I hope you all read Wade Bower’s comment on my previous blog. One of his points is the title of this blog: just because you have a backup process in place does not mean you have a disaster recovery plan. While backup is a key and necessary component of a recovery plan, it is far from sufficient for almost every business.
How do you figure this out for your business? Start by determining which applications are critical to running your business. These are often the applications that you need to make sales or make product. Then determine the business needs, your RTO and RPO for your critical applications.
Quick Review: Your recovery time objective (RTO) is the time period after a disaster in which business functions need to be restored. This is the length of time after a failure occurs that you need to be back in operation.
Your recovery point objective (RPO) is the age of files that must be recovered from a backup or other mechanism. The RPO is expressed backward in time (that is, into the past) from the instant at which the failure occurs. This is a measure of how old the data can be when you come back up.
The actual recovery time has several components depending on the exact reason you need to recover. It may include the time to get back to a working infrastructure. After that it depends on the time needed to actually recover your data.
For a backup-only recovery plan, the data portion of the recovery is determined by how fast you can reload your data. Even if the data is local implying zero time to locate and connect the data, you are looking at ten seconds to reload 1GB (gigabyte), and therefore between 2.5 and 3 hours to reload 1TB (terabyte = 1,000 GB).

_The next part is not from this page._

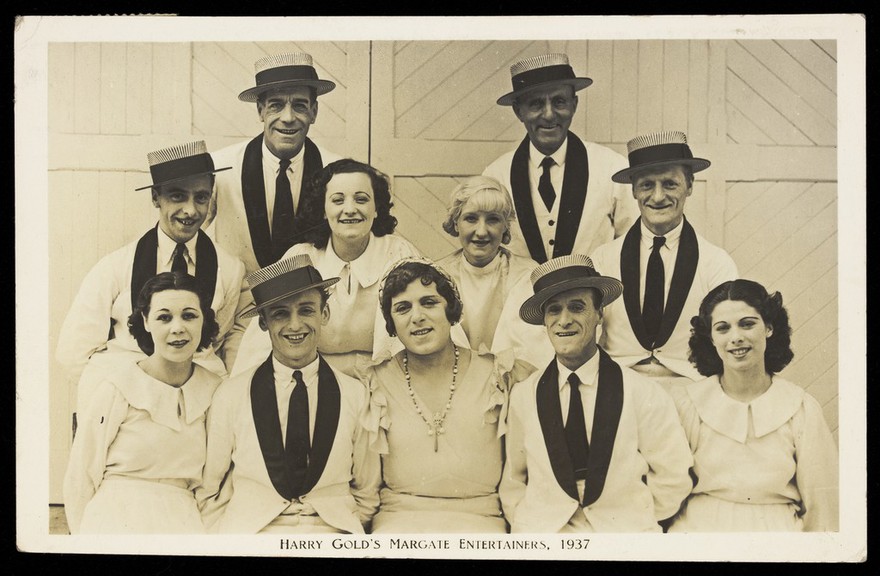 Members of "Harry Gold's Margate Entertainers", one in drag, pose for a group portrait. Photographic postcard, 1937.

McKinsey & Co. report that nearly all sectors in the US economy have an average of at least 200 TB of stored data per company employing more than 1,000. It will take more than three weeks to reload that much data through a single recovery channel. That time can be significantly reduced if you your data and servers can support multiple parallel channels.
Of course if the data is off-site, the time can increase significantly. As Mr. Bower pointed out, over even a fast network you are looking at a minimum of 10 days per TB. Multiple simultaneous paths usually don’t help much: somewhere there is probably a network bottleneck that will limit the gains you can get.
As a good friend once said, “Never underestimate the band pass of a 747.” If your data is remote, consider telling your backup service to FedEx you the data overnight on hard disk drives. You may have to pay the local load time twice (once at the backup service side and once at your side), but in the long run it will be faster even for a single TB.
This reload time is your minimum recovery time. How does that compare with your business-driven RTO?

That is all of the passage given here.